### About this exercise
From the entries that follow, copy exactly the lines beginning at the line holding "OR 97209, USA" and continuing through the line holding "Vintage Embroidered Teddy Bear Baby Quilt".

### Records supplied
--- START ---
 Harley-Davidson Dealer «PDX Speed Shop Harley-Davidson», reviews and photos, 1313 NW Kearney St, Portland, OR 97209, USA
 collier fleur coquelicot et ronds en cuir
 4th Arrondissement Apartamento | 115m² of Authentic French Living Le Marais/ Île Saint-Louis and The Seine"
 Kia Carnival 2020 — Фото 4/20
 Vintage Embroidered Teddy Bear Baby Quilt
--- END ---
--- START ---
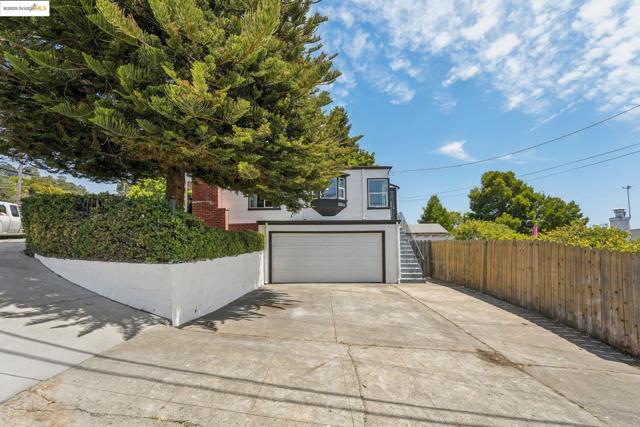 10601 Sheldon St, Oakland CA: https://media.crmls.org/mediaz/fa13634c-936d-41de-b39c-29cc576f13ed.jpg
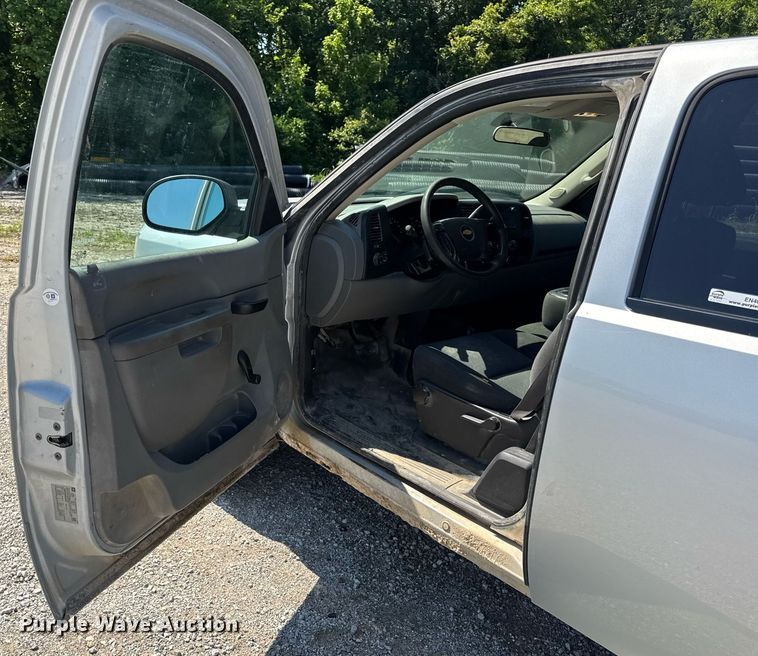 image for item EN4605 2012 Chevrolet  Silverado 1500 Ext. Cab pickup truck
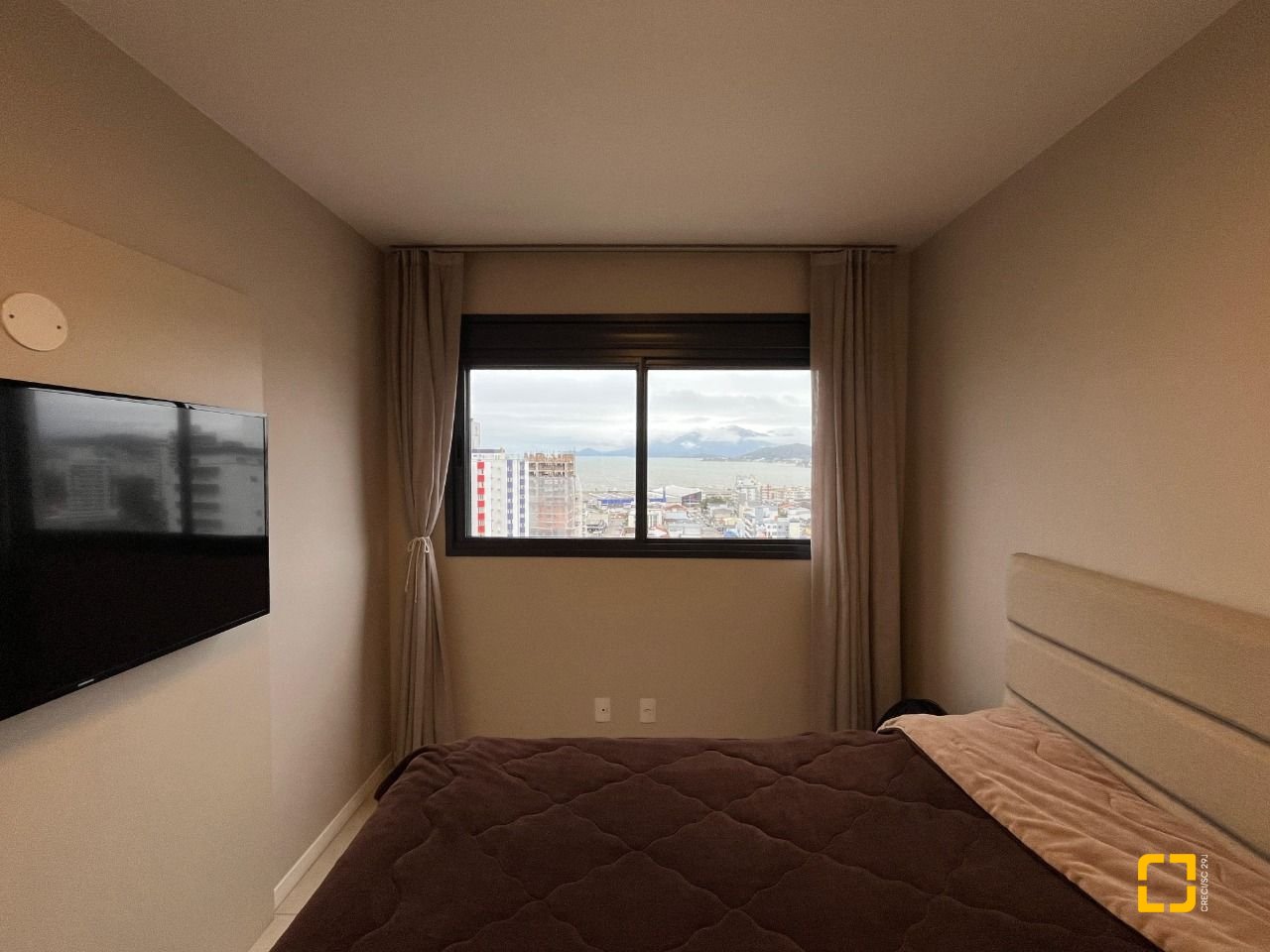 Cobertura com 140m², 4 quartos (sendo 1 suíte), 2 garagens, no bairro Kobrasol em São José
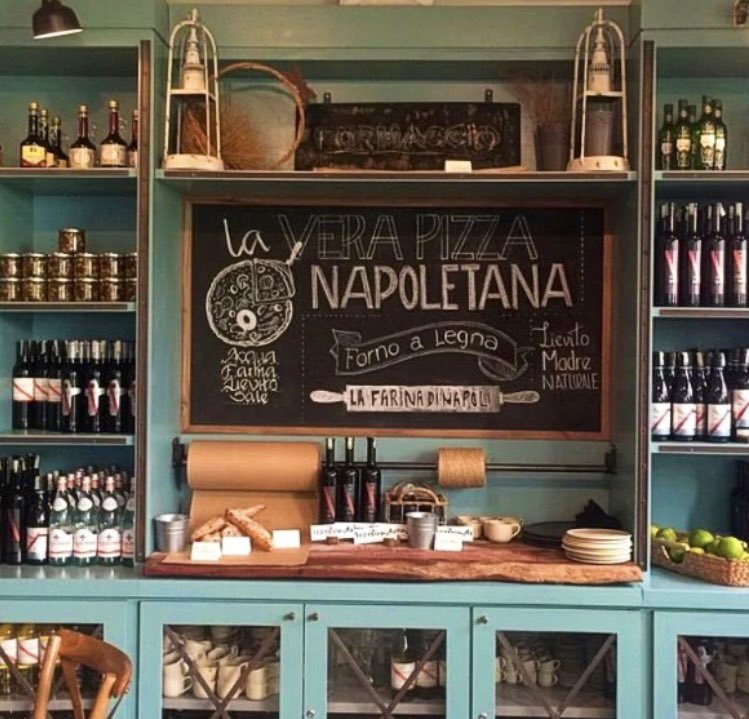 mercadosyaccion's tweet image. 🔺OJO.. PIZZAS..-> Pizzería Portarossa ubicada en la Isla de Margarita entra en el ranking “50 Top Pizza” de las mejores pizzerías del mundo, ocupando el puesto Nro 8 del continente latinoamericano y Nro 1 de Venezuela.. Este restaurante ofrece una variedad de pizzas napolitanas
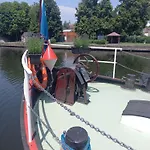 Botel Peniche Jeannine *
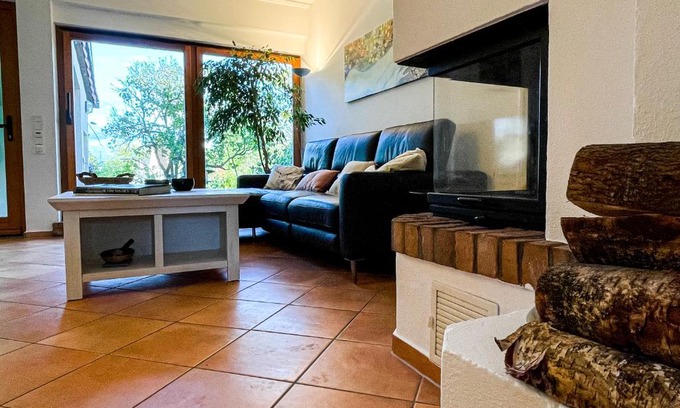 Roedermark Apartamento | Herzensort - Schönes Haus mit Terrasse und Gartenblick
--- END ---
### Result for this exercise
 Harley-Davidson Dealer «PDX Speed Shop Harley-Davidson», reviews and photos, 1313 NW Kearney St, Portland, OR 97209, USA
 collier fleur coquelicot et ronds en cuir
 4th Arrondissement Apartamento | 115m² of Authentic French Living Le Marais/ Île Saint-Louis and The Seine"
 Kia Carnival 2020 — Фото 4/20
 Vintage Embroidered Teddy Bear Baby Quilt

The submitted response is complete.